L'Avant-Scène Opéra
Jean-Charles Hoffelé
 
PARSIFAL Révérence
 
On avait vu la production de François Girard à Lyon et l'on était ressorti de son spectacle transporté. Cette transposition intemporelle et pourtant dans un aujourd'hui certain, la communauté des chevaliers de Montserrat faisant cercle, la faille-source séparant femmes et hommes, la ferveur durant l'eucharistie d'Amfortas, l'enrochement lacustre du royaume de Klingsor, avec ses Filles-Fleurs zombies, et son grand lit ensanglanté où Parsifal éprouve et comprend la blessure, le troisième acte incroyable de poésie et de profondeur, si fluide : on retrouve tout cela dans cette captation new-yorkaise, porté par une distribution proche de l'idéal.

Jonas Kaufmann est Parsifal avec une évidence naturelle - de voix, de physique, de jeu - même s'il lui refuse l'innocence. Ce regard sombre et cette voix, donc !, disent assez la blessure avant qu'elle ne lui soit révélée ; ce maintien altier - qui ne cède qu'à peine devant les sortilèges de Kundry - indique la conscience d'une mission. Et la simple beauté du chant qui lie enfin le récit à la ligne quasi instrumentale sont pour nous sans équivalent aussi loin qu'on remonte dans la discographie. Pourtant c'est l'Amfortas de Peter Mattei qui vous étreindra d'abord. Cette douleur tenue transformée en sacerdoce n'est pas une lecture mais absolument l'incarnation de ce que voulait Wagner. Si l'on ajoute le violoncelle timbré, tour à tour tendre et soucieux de René Pape, le Gurnemanz le mieux chantant depuis Kurt Moll, le Klingsor furieux d'Evgeny Nikitin, la Kundry plus blessée que séductrice de Katarina Dalayman, on tient là un plateau idéalement apparié.

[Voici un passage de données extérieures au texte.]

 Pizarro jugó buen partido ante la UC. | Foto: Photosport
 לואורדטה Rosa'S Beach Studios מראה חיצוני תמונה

Et l'orchestre ? Pour ceux qui voient aussi dans Parsifal un opéra de chef, Daniele Gatti serait un empêchement. Sur le papier, du moins, car dans la fosse du Met il laisse l'orchestre jouer l'œuvre quasiment comme il la joua si souvent sous la baguette experte de James Levine, lyrique et tendue à la fois, toujours plus chambriste qu'exposée. Cette simplicité intérieure d'un discours qui s'efface derrière la musique tombe parfaitement dans le spectacle chorégraphié de François Girard, dont chaque inflexion, chaque geste provient de la partition. Seul concurrent réel, la proposition de Romeo Castellucci à La Monnaie, mais si piètrement captée qu'elle est réduite au document. Ceux qui veulent entendre et voir un Parsifal plus signé à l'orchestre chercheront celui de Bernard Haitink à Zürich (DG), les autres trouveront tout l'opéra de Wagner ici.